Excerpts from a dataset:
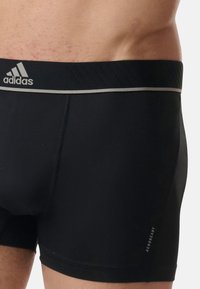 Črne atletske bokserice iz gladkega materiala, z kontrastnim sivim pasom z logotipom "adidas" in napisom "AEROREADY" na strani.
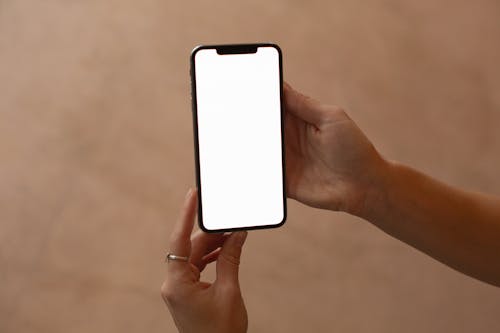 A Person Holding a Smartphone with a Blank Screen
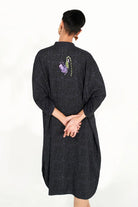 Back view of Tushita Dress women's statement dress featuring a feminine silhouette and distinctive contemporary detailing, styled for summer celebrations, resort vacations, brunches and special occasions.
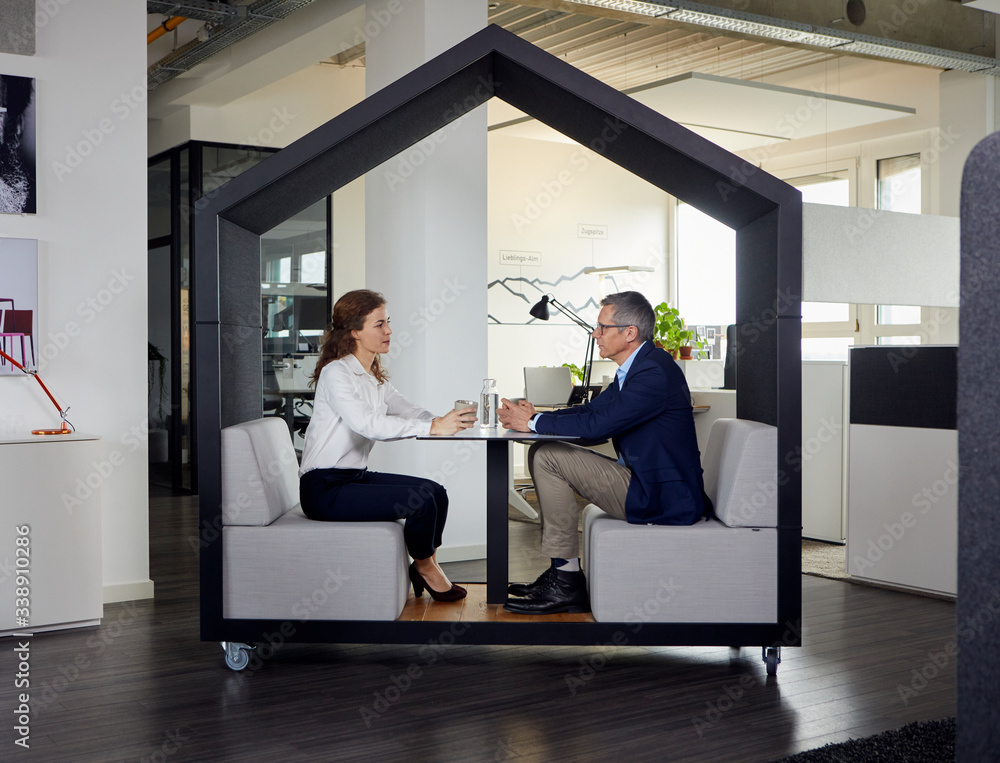 Businessman and businesswoman sitting in a wheeled cubicle in office Businessman and businesswoman sitting in a wheeled cubicle in office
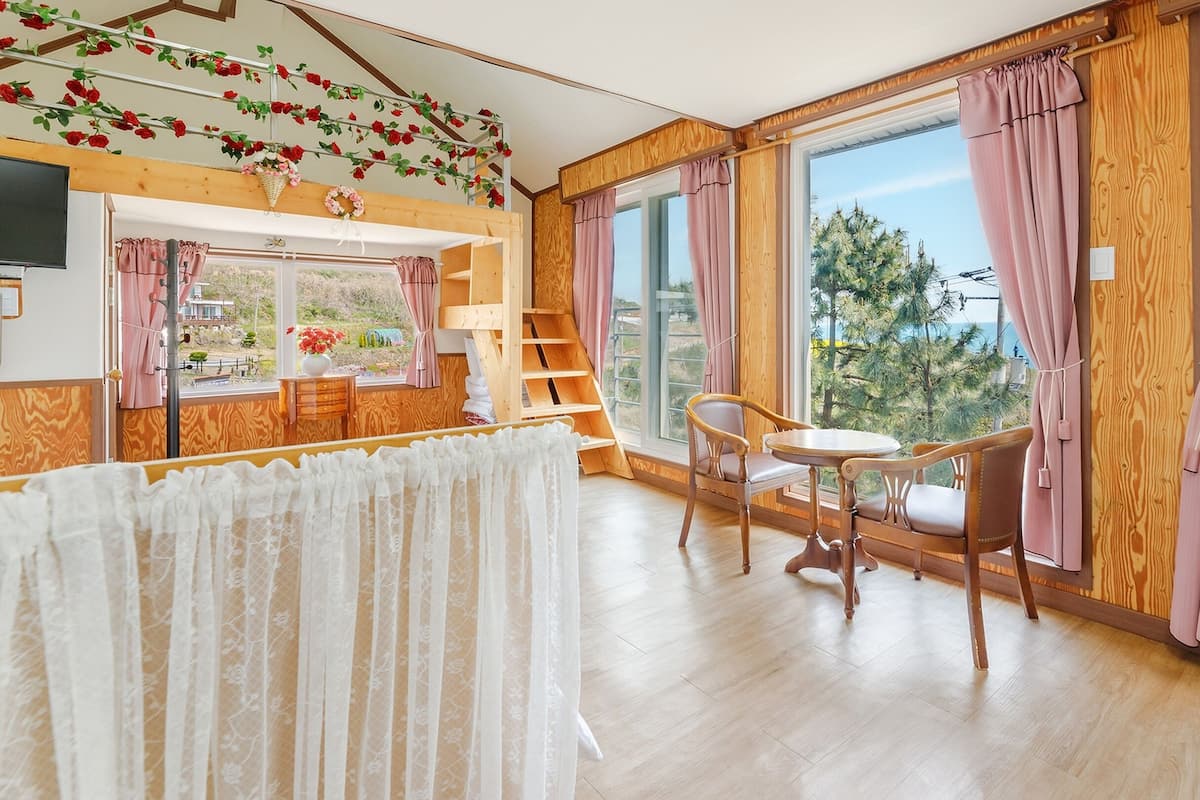 A room with a wooden floor, a window with pink curtains, a table with chairs, and a view of trees outside.
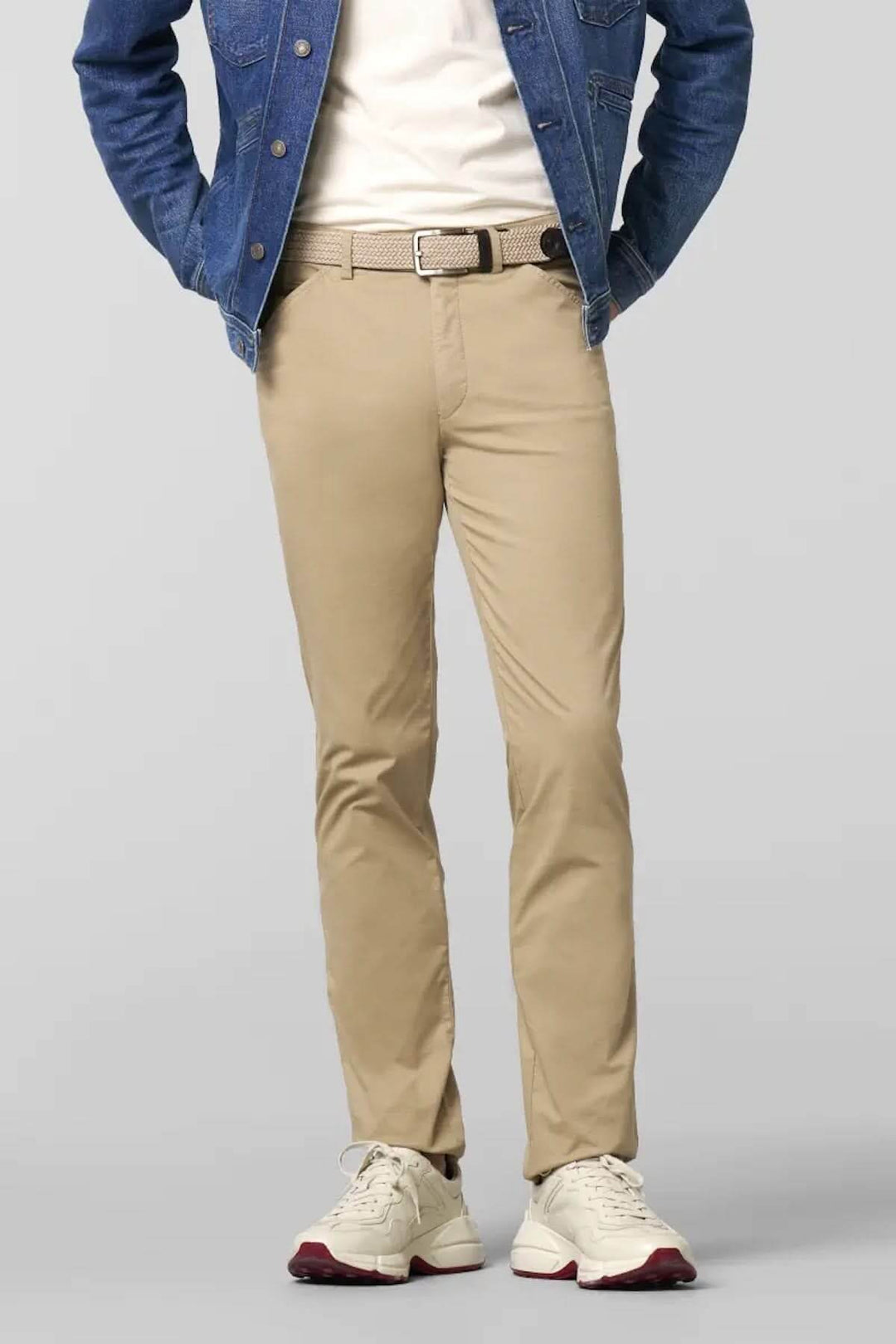 Pantalon chino ajusté beige porté avec un t-shirt blanc et une veste en jean, allié à des baskets blanches.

Brief:
Copy all of the data word for word, and keep the pictures out of it.

Solution to the exercise:
 Črne atletske bokserice iz gladkega materiala, z kontrastnim sivim pasom z logotipom "adidas" in napisom "AEROREADY" na strani.
 A Person Holding a Smartphone with a Blank Screen
 Back view of Tushita Dress women's statement dress featuring a feminine silhouette and distinctive contemporary detailing, styled for summer celebrations, resort vacations, brunches and special occasions.
 Businessman and businesswoman sitting in a wheeled cubicle in office Businessman and businesswoman sitting in a wheeled cubicle in office
 A room with a wooden floor, a window with pink curtains, a table with chairs, and a view of trees outside.
 Pantalon chino ajusté beige porté avec un t-shirt blanc et une veste en jean, allié à des baskets blanches.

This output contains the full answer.